====== SUPPLIED DATA ======

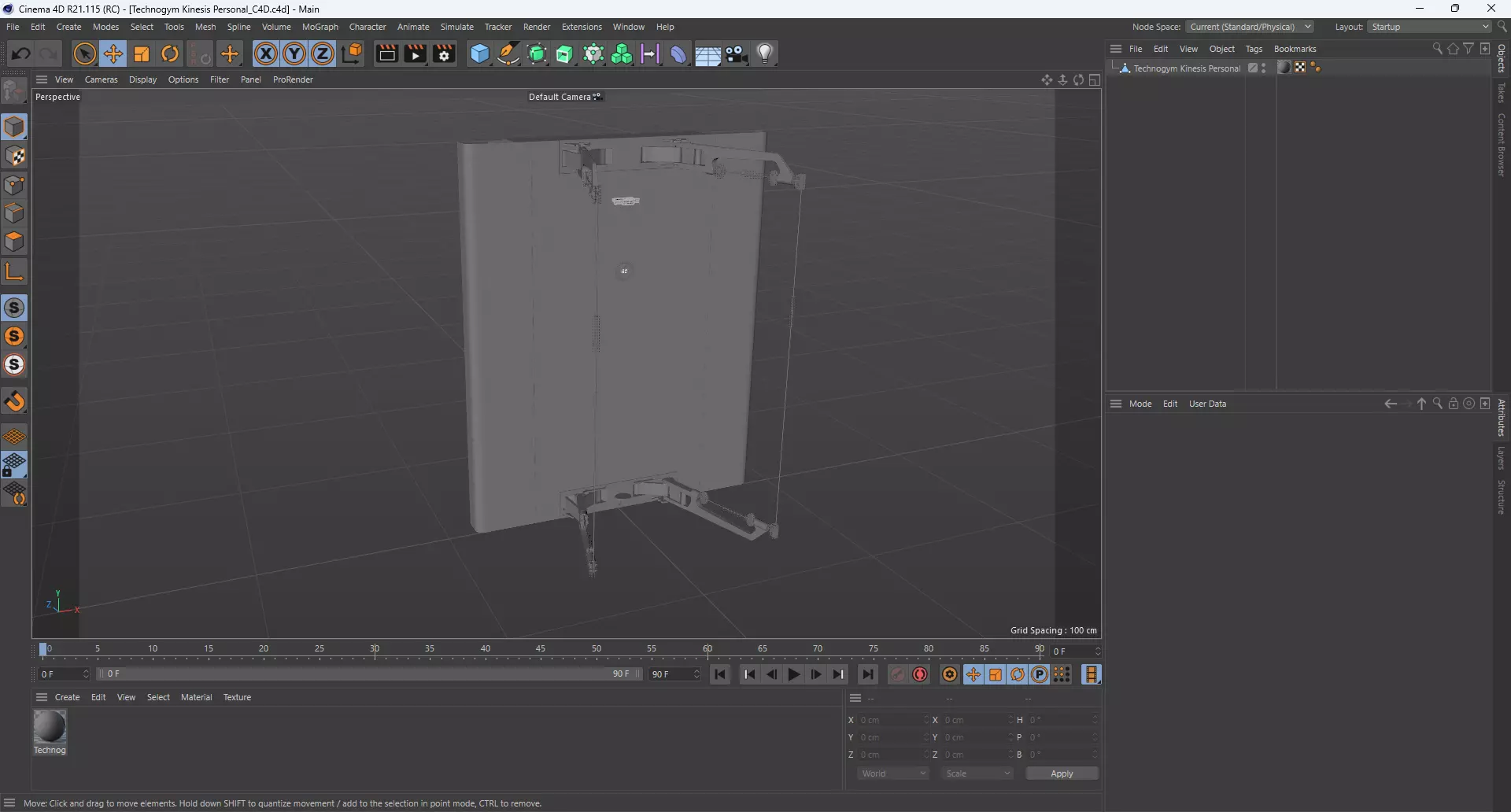 Technogym Kinesis Personal 3D model_11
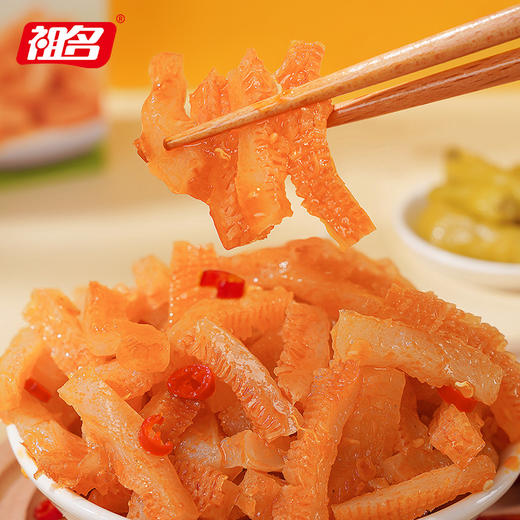 祖名脆爽魔芋酸辣味火锅魔芋爽零食追剧小吃休闲食品辣爽180g 商品图1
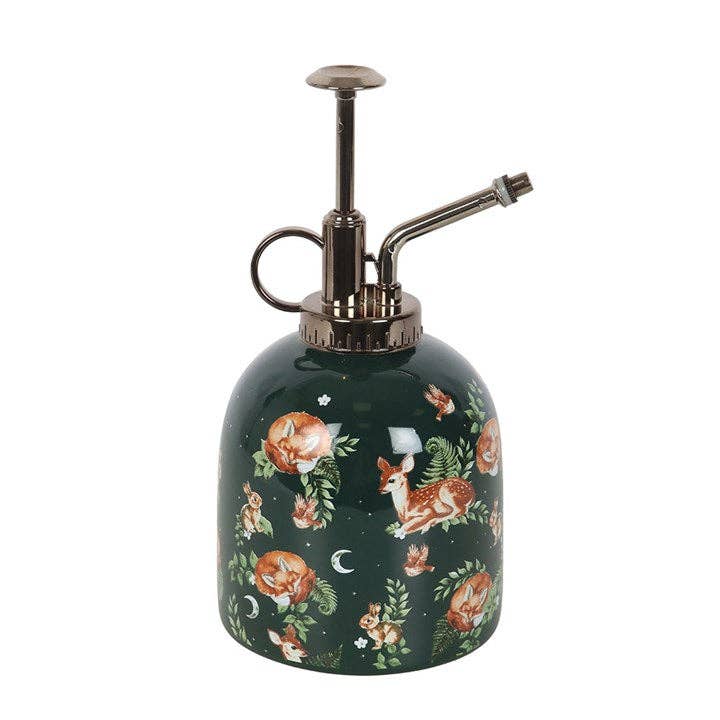 Green Forest Animal Print Ceramic Plant Mister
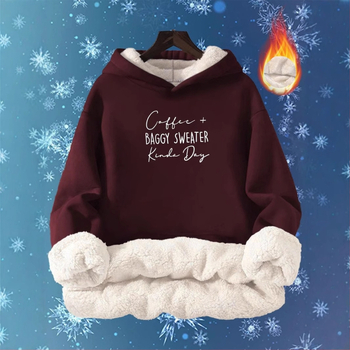 Nova ženska modna topla majica s kapuljačom dugih rukava od imitacije pamuka i janjeće vune za žene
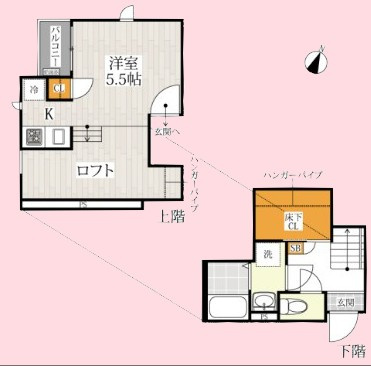 CB与野本町ストリアの間取り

======

§ TASK OBJECTIVE
Copy the entries exactly. Leave out the images.

§ SOLUTION FOR THIS EXERCISE
 Technogym Kinesis Personal 3D model_11
 祖名脆爽魔芋酸辣味火锅魔芋爽零食追剧小吃休闲食品辣爽180g 商品图1
 Green Forest Animal Print Ceramic Plant Mister
 Nova ženska modna topla majica s kapuljačom dugih rukava od imitacije pamuka i janjeće vune za žene
 CB与野本町ストリアの間取り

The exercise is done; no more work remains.